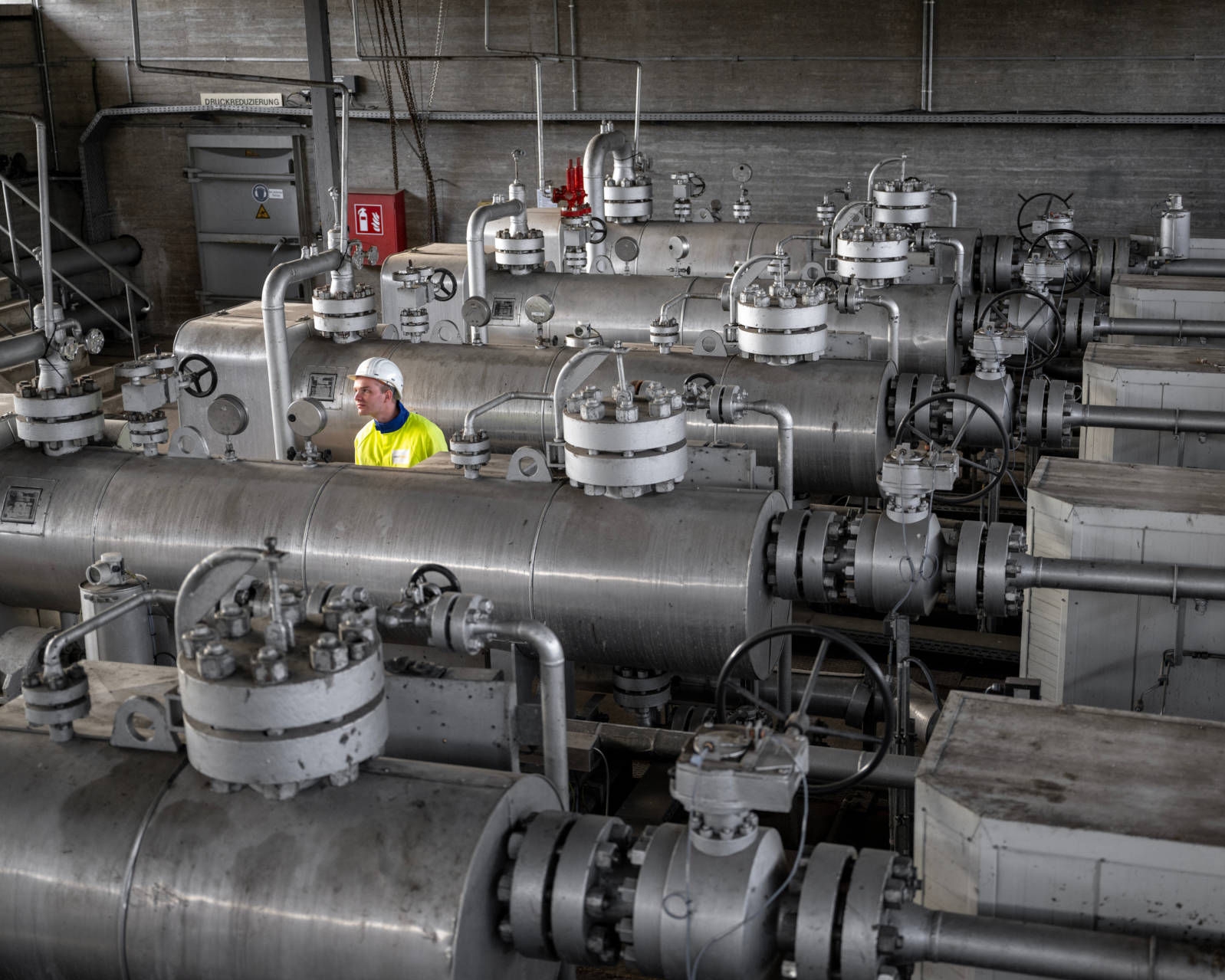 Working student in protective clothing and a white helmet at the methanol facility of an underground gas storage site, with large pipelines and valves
==
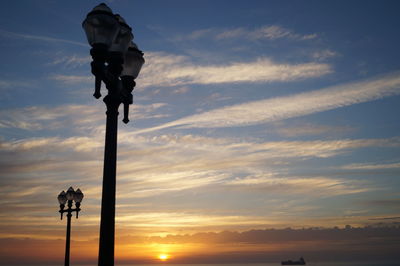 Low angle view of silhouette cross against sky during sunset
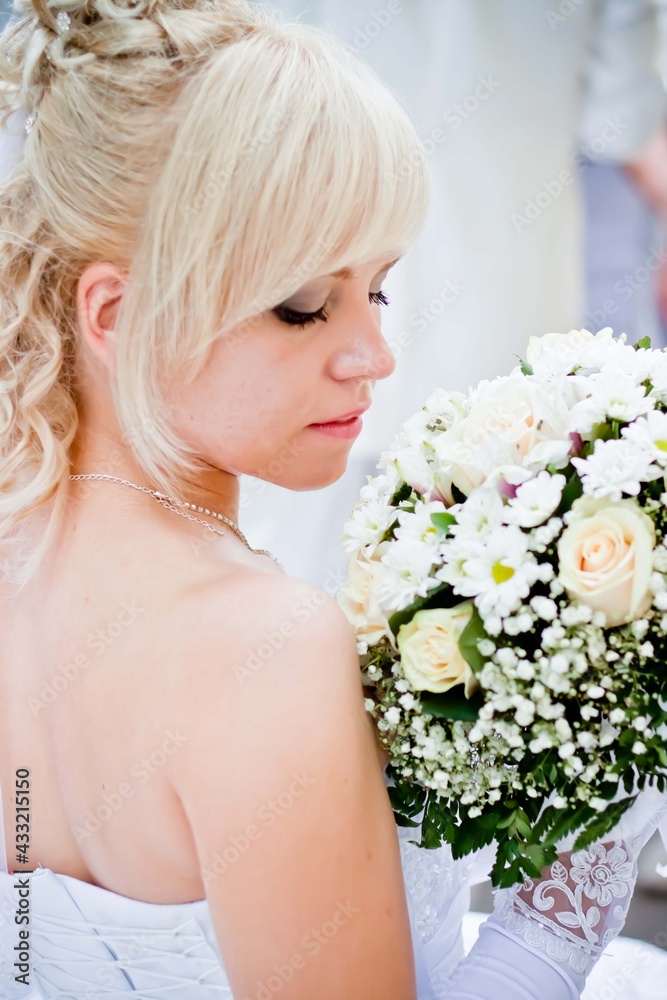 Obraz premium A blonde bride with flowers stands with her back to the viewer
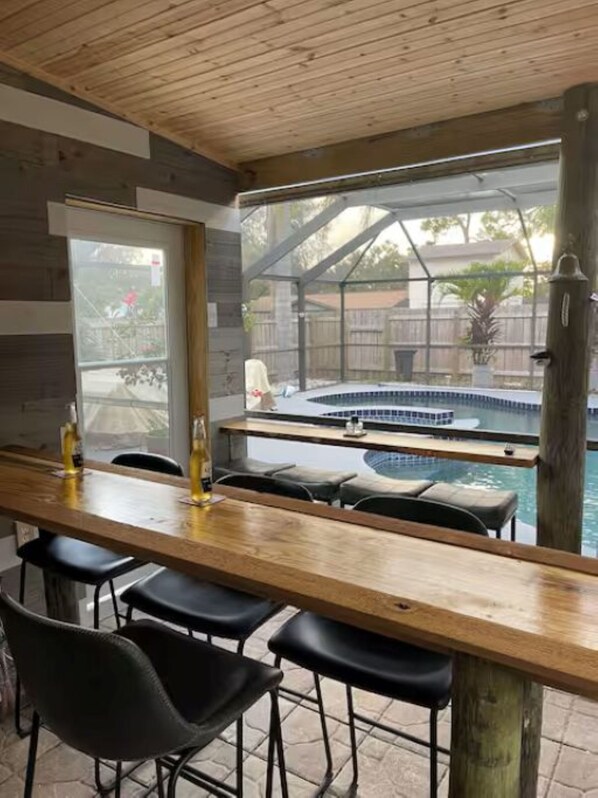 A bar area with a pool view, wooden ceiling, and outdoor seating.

## What the task asks
Both boundary lines included, write out word for word only the lines above from the one containing "Low angle view" to the one containing "A bar area with", leaving out any pictures.

## Solution below
 Low angle view of silhouette cross against sky during sunset
 Obraz premium A blonde bride with flowers stands with her back to the viewer
 A bar area with a pool view, wooden ceiling, and outdoor seating.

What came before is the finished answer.